Women in technology seems to be something of a news topic lately, usually focusing on how difficult the male dominated culture is for women to thrive in. Maybe so. But exceptional people manage to thrive in difficult circumstances. And few were more exceptional than Grace Hopper, whose unusual career path saw her enter the Navy during World War II, at an age when many would be on the cusp of retirement.
Our post on the Navy Tactical Data System alluded to the Navy’s early interest in digital technology and harnessing the power of computers as an aid to the captain of a warship. Eventually, that effort would lead to today’s Aegis weapon system. Far more than simply a phased array radar system, Aegis is the computing environment that enables a modern warship to cope with the air, surface and subsurface threat environment in which it operates. Every story has a beginning, and Grace Hopper was present at the beginning of this one.

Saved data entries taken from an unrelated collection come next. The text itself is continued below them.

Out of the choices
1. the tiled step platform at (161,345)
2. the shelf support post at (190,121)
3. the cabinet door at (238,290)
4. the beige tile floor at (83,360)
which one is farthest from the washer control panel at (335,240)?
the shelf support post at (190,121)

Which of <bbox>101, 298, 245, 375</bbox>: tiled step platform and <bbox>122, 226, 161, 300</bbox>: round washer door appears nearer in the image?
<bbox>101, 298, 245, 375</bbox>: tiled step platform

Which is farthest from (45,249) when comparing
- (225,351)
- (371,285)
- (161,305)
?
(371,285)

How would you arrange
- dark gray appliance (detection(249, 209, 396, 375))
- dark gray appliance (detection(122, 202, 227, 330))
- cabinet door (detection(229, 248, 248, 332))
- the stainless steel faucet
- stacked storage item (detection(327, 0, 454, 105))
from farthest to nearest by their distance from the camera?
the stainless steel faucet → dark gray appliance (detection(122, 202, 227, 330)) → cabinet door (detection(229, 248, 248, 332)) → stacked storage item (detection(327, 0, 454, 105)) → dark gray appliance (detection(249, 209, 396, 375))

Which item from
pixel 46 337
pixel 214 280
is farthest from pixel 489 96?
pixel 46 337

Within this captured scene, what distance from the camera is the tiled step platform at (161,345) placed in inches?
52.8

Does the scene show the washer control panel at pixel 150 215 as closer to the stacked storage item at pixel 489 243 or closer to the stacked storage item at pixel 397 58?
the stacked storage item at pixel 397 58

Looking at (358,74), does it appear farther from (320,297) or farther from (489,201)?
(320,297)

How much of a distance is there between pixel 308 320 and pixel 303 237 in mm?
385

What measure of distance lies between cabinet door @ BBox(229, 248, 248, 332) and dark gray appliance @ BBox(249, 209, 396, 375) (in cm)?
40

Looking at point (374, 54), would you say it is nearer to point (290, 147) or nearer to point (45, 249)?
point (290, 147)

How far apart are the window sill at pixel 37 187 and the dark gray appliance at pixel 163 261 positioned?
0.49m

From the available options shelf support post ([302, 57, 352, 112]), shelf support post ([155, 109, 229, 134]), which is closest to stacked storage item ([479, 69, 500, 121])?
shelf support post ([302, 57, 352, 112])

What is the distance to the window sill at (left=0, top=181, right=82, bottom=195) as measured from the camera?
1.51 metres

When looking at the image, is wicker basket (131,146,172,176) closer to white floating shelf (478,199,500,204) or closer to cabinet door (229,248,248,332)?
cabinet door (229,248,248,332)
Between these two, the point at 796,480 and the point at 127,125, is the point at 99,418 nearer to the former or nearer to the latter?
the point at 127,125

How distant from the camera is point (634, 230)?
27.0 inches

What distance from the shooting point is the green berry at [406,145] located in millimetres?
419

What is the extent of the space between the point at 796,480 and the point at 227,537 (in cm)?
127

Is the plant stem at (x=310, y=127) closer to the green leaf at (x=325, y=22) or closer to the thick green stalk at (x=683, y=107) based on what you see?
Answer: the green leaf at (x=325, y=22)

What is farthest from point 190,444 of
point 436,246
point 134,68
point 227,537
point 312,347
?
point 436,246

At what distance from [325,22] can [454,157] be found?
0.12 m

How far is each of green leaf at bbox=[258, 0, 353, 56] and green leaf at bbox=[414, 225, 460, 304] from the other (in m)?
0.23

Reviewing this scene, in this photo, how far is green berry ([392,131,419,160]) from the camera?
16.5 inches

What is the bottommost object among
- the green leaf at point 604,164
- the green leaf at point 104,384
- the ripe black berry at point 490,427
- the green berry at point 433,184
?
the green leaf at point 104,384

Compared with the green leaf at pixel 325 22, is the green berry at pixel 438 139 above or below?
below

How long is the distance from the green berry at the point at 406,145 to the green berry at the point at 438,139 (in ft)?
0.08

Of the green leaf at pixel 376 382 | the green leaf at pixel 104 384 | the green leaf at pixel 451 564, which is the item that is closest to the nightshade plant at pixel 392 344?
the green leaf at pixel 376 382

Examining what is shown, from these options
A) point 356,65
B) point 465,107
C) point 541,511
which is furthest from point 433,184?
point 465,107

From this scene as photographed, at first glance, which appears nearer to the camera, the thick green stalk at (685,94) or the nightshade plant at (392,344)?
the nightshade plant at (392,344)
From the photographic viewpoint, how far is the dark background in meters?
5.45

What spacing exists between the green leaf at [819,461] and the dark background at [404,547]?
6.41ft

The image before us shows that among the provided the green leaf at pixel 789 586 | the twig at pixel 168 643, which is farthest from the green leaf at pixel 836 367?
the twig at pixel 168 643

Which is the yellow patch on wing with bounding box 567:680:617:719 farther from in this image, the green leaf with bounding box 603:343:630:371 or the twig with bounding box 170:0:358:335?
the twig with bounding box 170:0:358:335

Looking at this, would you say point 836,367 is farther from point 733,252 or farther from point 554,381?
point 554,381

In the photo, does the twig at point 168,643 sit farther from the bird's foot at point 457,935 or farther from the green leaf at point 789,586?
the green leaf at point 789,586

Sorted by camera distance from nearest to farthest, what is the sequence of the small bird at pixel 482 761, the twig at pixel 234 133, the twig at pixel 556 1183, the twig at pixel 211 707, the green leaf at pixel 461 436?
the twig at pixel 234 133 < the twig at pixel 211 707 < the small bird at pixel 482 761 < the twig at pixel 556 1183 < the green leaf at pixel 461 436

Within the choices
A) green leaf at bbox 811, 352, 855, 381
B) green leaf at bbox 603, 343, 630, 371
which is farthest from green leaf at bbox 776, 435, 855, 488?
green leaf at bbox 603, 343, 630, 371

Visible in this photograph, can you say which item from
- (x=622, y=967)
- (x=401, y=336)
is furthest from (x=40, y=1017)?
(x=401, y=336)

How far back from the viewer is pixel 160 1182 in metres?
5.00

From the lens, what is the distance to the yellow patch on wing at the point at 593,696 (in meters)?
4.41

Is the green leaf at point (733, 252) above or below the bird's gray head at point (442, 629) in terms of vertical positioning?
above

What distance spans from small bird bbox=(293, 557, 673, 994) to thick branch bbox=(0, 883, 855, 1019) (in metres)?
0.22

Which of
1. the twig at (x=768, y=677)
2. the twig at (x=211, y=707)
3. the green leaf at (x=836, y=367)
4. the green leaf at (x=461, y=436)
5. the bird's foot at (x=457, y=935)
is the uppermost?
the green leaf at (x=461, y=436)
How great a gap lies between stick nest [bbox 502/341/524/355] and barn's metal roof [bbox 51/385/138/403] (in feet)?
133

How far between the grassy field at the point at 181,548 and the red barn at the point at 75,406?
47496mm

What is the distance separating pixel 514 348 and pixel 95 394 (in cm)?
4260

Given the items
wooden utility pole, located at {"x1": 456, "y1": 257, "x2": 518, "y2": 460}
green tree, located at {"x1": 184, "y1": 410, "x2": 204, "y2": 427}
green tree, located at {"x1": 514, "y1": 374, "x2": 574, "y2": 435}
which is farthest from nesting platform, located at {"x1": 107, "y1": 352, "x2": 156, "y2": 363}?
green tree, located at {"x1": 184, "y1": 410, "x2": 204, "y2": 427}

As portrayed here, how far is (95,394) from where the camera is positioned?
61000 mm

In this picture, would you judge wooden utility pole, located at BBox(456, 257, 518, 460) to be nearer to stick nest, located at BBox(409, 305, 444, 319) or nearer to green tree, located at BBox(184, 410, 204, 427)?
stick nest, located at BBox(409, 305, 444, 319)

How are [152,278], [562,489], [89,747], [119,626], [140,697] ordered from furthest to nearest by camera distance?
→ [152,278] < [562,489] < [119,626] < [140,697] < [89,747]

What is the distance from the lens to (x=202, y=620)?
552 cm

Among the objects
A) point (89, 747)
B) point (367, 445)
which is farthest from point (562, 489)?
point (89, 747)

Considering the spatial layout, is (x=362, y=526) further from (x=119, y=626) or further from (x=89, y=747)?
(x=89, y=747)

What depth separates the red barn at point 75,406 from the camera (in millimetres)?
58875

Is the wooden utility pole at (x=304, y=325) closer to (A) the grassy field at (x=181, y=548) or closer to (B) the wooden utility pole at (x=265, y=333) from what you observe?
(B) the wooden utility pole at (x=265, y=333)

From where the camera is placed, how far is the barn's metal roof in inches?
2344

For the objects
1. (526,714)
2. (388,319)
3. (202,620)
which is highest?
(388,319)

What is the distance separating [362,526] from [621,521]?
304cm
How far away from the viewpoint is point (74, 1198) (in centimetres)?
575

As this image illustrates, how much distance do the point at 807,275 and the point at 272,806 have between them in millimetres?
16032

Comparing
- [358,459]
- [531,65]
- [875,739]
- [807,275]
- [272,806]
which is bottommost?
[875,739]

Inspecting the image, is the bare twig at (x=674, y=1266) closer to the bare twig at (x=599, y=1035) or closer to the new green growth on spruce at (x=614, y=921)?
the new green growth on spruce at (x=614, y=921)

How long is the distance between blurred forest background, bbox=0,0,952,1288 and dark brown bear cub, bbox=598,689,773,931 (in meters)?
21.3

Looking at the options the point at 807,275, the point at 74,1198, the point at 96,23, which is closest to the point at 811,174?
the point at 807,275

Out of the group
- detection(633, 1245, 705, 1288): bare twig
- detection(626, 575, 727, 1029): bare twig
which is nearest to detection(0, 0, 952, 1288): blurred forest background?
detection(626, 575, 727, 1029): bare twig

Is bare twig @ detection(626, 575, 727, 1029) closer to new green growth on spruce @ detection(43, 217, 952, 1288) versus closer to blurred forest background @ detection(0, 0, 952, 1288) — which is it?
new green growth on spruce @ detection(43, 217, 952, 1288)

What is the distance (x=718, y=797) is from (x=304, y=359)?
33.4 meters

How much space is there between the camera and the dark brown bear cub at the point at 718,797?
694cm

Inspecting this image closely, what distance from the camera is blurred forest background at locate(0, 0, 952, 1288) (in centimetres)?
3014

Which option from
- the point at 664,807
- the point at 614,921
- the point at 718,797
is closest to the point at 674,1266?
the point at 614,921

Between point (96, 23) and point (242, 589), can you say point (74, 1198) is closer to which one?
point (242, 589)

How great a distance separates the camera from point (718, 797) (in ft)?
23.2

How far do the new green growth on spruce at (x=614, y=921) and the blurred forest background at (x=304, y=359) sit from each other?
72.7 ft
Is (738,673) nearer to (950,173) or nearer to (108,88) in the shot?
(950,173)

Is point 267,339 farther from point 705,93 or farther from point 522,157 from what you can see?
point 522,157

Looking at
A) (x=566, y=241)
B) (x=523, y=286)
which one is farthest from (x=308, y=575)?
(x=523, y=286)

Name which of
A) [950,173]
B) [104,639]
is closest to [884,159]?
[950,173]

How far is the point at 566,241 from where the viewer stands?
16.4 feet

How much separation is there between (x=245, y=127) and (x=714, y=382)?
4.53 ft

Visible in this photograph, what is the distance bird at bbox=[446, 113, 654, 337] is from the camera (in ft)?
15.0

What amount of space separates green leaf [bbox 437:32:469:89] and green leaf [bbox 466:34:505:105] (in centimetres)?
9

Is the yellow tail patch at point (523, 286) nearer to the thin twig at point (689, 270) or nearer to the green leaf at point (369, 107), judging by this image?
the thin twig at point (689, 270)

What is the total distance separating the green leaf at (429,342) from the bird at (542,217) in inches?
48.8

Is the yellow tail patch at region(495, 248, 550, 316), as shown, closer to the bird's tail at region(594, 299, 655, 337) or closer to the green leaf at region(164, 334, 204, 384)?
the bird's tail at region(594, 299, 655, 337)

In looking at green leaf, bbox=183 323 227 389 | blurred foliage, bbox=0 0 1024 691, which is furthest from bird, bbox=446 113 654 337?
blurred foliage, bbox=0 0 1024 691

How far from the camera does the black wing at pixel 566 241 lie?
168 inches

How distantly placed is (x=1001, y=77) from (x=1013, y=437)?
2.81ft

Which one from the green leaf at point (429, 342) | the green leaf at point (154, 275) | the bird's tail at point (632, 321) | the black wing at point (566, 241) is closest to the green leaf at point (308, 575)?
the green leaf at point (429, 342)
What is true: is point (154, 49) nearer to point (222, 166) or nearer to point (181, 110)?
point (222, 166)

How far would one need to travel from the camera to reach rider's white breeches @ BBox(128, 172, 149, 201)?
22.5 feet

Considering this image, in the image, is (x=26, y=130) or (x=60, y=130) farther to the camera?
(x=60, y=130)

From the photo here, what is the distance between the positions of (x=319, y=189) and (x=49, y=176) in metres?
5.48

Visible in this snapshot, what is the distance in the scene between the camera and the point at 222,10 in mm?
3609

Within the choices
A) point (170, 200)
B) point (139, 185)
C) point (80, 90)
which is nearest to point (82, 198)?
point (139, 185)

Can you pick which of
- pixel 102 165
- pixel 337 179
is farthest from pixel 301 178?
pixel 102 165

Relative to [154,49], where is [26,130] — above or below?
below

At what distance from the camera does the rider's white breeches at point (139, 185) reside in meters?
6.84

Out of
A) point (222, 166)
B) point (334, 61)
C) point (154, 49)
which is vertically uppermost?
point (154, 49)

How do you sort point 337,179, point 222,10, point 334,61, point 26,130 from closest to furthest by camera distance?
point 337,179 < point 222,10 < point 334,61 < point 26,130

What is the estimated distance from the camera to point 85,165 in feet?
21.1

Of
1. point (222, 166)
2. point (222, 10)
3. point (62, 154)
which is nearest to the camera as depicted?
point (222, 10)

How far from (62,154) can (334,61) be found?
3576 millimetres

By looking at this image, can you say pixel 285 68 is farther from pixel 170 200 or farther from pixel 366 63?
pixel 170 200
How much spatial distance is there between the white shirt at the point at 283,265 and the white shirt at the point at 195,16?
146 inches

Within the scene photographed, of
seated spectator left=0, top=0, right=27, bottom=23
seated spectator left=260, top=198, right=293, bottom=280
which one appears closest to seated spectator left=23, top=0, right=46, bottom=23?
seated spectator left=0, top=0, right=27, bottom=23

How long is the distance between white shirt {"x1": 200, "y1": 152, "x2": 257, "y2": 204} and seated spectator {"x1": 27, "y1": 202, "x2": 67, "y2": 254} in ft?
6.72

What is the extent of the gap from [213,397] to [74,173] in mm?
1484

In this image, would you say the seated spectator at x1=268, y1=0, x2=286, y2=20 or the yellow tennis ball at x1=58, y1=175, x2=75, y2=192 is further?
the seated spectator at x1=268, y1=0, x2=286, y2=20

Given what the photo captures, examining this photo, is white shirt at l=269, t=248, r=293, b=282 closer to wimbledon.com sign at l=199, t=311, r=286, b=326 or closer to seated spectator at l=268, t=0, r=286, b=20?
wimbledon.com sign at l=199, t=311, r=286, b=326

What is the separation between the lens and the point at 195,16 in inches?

As a rear admiral in the U.S. Navy, Hopper worked on the first computer, the Harvard Mark 1. And she headed the team that created the first compiler, which led to the creation of COBOL, a programming language that by the year 2000 accounted for 70 percent of all actively used code. Passing away in 1992, she left behind an inimitable legacy as a brilliant programmer and pioneering woman in male-dominated fields.
To pick a nit, she wasn’t a Rear Admiral when she was working on the Mk 1.
To be sure, RADM Hopper was a gifted mathematician, and later programmer. But more importantly, she was possessed of the skills and charm to share her vision to an often skeptical audience. She made the arcane understandable to the layman, and helped show how her work could help the Navy in a practical, immediate sense. You can design a terrific product, but if no one buys it, what have you really accomplished?
RADM Hopper’s contribution to the field of computing, at the heart of the Aegis weapon system, were recognized after her passing with the naming of an Aegis destroyer, the USS Hopper (DDG-70).